Теперь, говоря о нем в прошедшем времени, я хотел бы сказать, что этот человек совершил жизненный подвиг. Малозаметный. Пока. Но который обязан быть оценен и со временем будет очень заметен.
Русский театр (сейчас над этим смеются — такое время) был действительно заменой или даже самим содержанием того, что называлось университетом. Он был и кафедрой. Сейчас об этом говорят только в кавычках (как и о Белинском как совершенно комической фигуре). Но тогда, в те 50-е,мы иначе различали добро и зло. Во всяком случае мы его различали (сейчас различений почти нет). Театр был не только сродни университету, он был сродни еще двум учреждениям, явлениям общества — церкви и философии. Все это в странно измененном, огрубленном, упрощенном виде, но существовало в русском театре.
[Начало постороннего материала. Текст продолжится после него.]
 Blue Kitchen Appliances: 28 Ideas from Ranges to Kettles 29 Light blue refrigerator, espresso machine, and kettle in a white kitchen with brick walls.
И именно когда все эти вещи входили в спектакль, они производили то самое впечатление, о котором не забывали десятилетиями. На этом возрос и Художественный театр, и лучшие спектакли Малого театра, и спектакли знаменитых режиссеров — от Акимова до Товстоногова, от Ефремова до Эфроса. Вадим, вышедший из университета, окончивший Театральный институт, пришел в театр, впоследствии ставший знаменитым, — МДТ, и именно он начал там говорить от имени университетской мысли, философской мысли, религиозной мысли так, как он ее понимал.
С этим он пришел в театр Комедии. Это было испытанием. Он обладал прекрасным чувством юмора (я-то с ним играл комедии и знаю!), но для его юмора нужна была другая труппа, способная понять его уровень. Здесь были расхождения, его юмор был не для этого места и не для этого времени.
Потом он оказался в разных местах, большей частью ему не соответствовавших, следовательно, и он им не соответствовал. И он обрел себя там, где и закончил свою жизнь, — в педагогике, в общении с университетской молодежью. Ему это было интересно, потому что он был оптимистом и наивным человеком. В какой-то мере — человеком в розовых очках, он видел все лучшее и категорически не замечал то, что это лучшее опровергает.
Вадим Голиков был педагогом — самое малое — для аспирантов. А вообще — для профессоров драматического искусства, для тех, кто способен его понимать. А к нему приходили естественные, нормальные первокурсники, а чаще всего — второгодники. Их было недостаточно, чтобы эта личность — Вадим Сергеевич Голиков — зазвучала и заискрила в полную меру.
Я говорю об этом с горечью и сожалением, но вместе с тем с надеждой. Вадим был, может быть, единственным в русском театре, кто пытался связать оборванную нитку между философским мышлением и театром. Натяжение этой нити лежало только на нем, и он держался до последнего. Сейчас, когда мы уже прощаемся с ним (под Новый год настанут сороковины, и душа этого человека уйдет от нас), я говорю: этот мой друг — один из самых последовательных людей, самых верных себе и тому русскому театру, который был заповедным для всего мира.
Он такой был абсолютно один. В этом его драма и в этом его миссия, которую он исполнял до последней секунды. Драма и миссия. На этих двух словах я настаиваю и буду всегда помнить о нем в этом смысле.